A recent study of 5,402 homeschooled children from 1,657 families,
conducted by Brian Ray and the HSLDA, noted that the top three occupational
groups of homeschooling fathers were accountant or engineer (17.3 percent);
professor, doctor, or lawyer (16.9 percent); and small-business owner (10.7
percent). According to the same survey, 87.7 percent of mothers who have
chosen to stay at home and teach their children list "homemaker" as their
occupation.(34)
Educational researchers Jane Van Galen and Mary Ann Pittman have categorized
the two primary types of families who choose homeschooling as ideologues
and pedagogues. Ideologues are typically the religious conservatives whom
homeschooling attracts. Van Galen notes that ideologues want "their children
to learn fundamentalist religious doctrine and a conservative political
and social perspective" and establish homeschools to communicate to their
offspring "that the family is the most important institution in society."(35)
Van Galen defines the pedagogues as those who teach their children
themselves primarily because they dislike the professionalization and bureaucratization
of modern education. They are parents who "come to their decision to home
school with a broader interest in learning--they have professional training
in education, they have close friends or relatives who are educators, they
have read about education or child development, or they are involved with
organizations that speak to the issue of childrearing."(36)
Both types of families share a common characteristic: they have enormous
confidence in their ability to do a competent job of educating their children
with minimal institutional support.
Are There Different Methods of Homeschooling?
Families may choose to purchase a preplanned, prepackaged curriculum
from publishers that specifically target homeschoolers, such as A Beka
Home School, Konos Curriculum, and Saxon Publishers. Other families may
choose to enroll their children in correspondence programs, like the Calvert
School of Maryland, the Christian Liberty Academy Satellite Schools of
Illinois, or the Clonlara School of Michigan.
As families gain confidence in their homeschooling abilities, they
may opt for a less structured approach and rely on homemade materials or
borrow heavily from local libraries. Tutors may be sought to teach particular
skills, such as a foreign language or a musical instrument, and older children
are sometimes recruited to teach younger siblings a particular academic
discipline or task. Homeschooled children also participate in field trips
and learning co-ops with other homeschooled students or even take courses
at a day school or community college. In Ray's study of 1,657 families,
71.1 percent of the respondents said they custom design their curriculum
to suit their child's needs, and 83.7 percent said that their children
use a computer in their home. The average cost is $546 per homeschooled
student per year.(37)
No matter the method employed, studies indicate that one-on-one involvement
with homeschooled children, especially during their primary years, is high.

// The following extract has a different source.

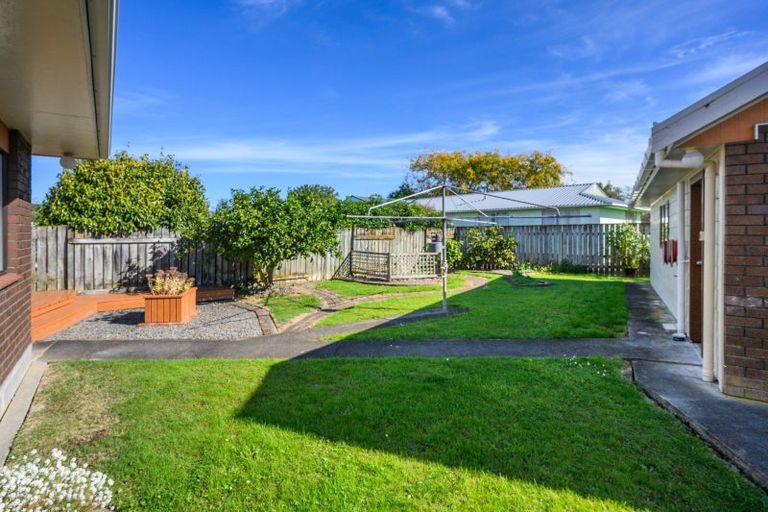 Photo of property in 22 Virginia Crescent, Feilding, 4702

Theodore Wagenaar of Miami University notes that homeschooled children
"are considerably more likely to experience someone in the family doing
the following activities with them three or more times a week: tell a story,
teach letters, teach songs, do arts and crafts, play with toys and games
indoors, play games and sports outdoors, take child on errands, and involve
child in household chores."(38)
What About Socialization? How Do Homeschooled Children
Meet Others?
Those are the questions homeschoolers report they are usually asked
first when they are asked to explain their lifestyle. Typically, homeschooled
children engage in a variety of activities outside the home--sports teams,
scouting programs, church, community service, or part-time employment.
Richard G. Medlin of Stetson University notes that homeschoolers rely heavily
on support groups as a resource for planning field trips and maintaining
personal contact with like-minded families.(39)
In 1992 Larry Shyers of the University of Florida wrote a doctoral
dissertation in which he challenged the notion that youngsters at home
"lag" in social development. In his study, 8- to 10-year-old children were
videotaped at play. Their behavior was observed by trained counselors who
did not know which children went to regular schools and which were homeschooled.
The study found no big difference between the two groups of children
in self-concept or assertiveness, which was measured by social development
tests. But the videotapes showed that youngsters who were taught at home
by their parents had consistently fewer behavior problems.(40)
Is Homeschooling Legal? (amended
for Ontario)
Homeschooling is legal in all North American jurisdictions although
requirements vary between them. In Ontario, Section 21[2], the Education
Act says that a child is excused from compulsory attendance at (public)
school if he or she is receiving “satisfactory instruction at home or elsewhere.”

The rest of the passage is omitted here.